Hace ya muchos años que nuestra querida Betsy Pecanins empezó a perder la voz, o mejor dicho, que empezó a mudar de voz.
De aquel caudaloso torrente que tenía en su juventud, le quedaba ya sólo un poquitito, apenas un charquito de sonido que, alimentado cada seis meses con inyecciones de botox en las cuerdas vocales, le permitía darse a entender en el mundo.

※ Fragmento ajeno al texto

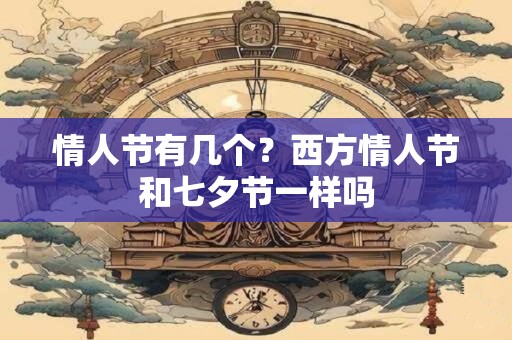 情人节有几个？西方情人节和七夕节一样吗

Sin embargo, lejos de autocompadecerse o de vivir de sus glorias pasadas, Betsy tuvo la humildad y la sabiduría para asumir que el canto va más allá de cultivar una voz de envidiable plumaje. Cantar es también saborear la palabra, disfrutar sus colores y acentos, pero, sobre todo, asumir el valor para romper el cascarón que nos permita nacer una y otra vez.
Aunque componía canciones desde muy joven, fue gracias a la disfonía espasmódica que Betsy pudo reconciliarse con algunos cómplices que, a veces, ni ella misma recordaba que tenía: la rima, el ritmo, la métrica, la metáfora.
Las palabras que en su caso siempre habían estado subordinadas a la melodía se volvieron el eje de su obra. Sin prisa pero sin pausa, fue conociéndolas de cerca, descubriendo lo que cada una de ellas tenía para ofrecerle.